🤖 AI Summary
This work addresses the vulnerability of neural operators to adversarial perturbations in physics-informed simulations, which poses a critical threat to the reliability of safety-critical digital twin systems. To mitigate this issue, the authors propose a synergistic optimization framework that integrates differential evolution-based attacks to generate targeted training samples for architecture-aware active learning, alongside a learnable input denoising bottleneck designed to filter adversarial noise while preserving essential physical features. The approach transcends conventional uniform sampling by introducing an adaptive smoothing ratio safeguard mechanism. Evaluated on the viscous Burgers’ equation benchmark, the method achieves a composite error of 2.04%, representing an 87% reduction compared to standard training and substantially outperforming individual strategies.
📝 Abstract
Neural operators have emerged as fast surrogate models for physics simulations, yet they remain acutely vulnerable to adversarial perturbations, a critical liability for safety-critical digital twin deployments. We present a synergistic defense that combines active learning-based data generation with an input denoising architecture.

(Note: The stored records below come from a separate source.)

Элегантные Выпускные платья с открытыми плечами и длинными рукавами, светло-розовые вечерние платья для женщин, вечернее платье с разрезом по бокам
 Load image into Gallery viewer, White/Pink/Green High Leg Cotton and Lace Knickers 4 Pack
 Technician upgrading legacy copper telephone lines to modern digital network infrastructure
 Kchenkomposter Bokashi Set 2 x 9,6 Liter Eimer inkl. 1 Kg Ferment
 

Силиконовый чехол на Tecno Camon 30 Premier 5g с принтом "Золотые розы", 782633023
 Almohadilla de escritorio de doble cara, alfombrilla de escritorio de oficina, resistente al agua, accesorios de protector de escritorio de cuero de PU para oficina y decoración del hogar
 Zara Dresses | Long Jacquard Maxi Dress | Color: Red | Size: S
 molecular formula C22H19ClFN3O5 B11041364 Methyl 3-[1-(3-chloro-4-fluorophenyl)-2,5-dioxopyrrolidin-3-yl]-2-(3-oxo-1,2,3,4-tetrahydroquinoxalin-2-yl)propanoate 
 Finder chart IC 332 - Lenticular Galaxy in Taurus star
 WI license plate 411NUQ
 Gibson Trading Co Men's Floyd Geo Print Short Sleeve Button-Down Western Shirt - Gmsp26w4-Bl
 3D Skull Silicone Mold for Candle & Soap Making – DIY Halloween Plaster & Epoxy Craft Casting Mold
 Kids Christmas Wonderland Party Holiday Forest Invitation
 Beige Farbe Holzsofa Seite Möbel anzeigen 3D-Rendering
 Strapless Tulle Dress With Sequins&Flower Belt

The active learning component adaptively probes model weaknesses using differential evolution attacks, then generates targeted training data at discovered vulnerability locations while an adaptive smooth-ratio safeguard preserves baseline accuracy. The input denoising component augments the operator architecture with a learnable bottleneck that filters adversarial noise while retaining physics-relevant features. On the viscous Burgers' equation benchmark, the combined approach achieves a 2.04% combined error (1.21% baseline + 0.83% robustness), representing an 87% reduction relative to standard training (15.42% combined) and outperforming both active learning alone (3.42%) and input denoising alone (5.22%). More broadly, our results, combined with cross-architecture vulnerability analysis from prior work, suggest that optimal training data for neural operators is architecture-dependent: because different architectures concentrate sensitivity in distinct input subspaces, uniform sampling cannot adequately cover the vulnerability landscape of all models. These findings have potential implications for the deployment of neural operators in safety-critical energy systems including nuclear reactor monitoring.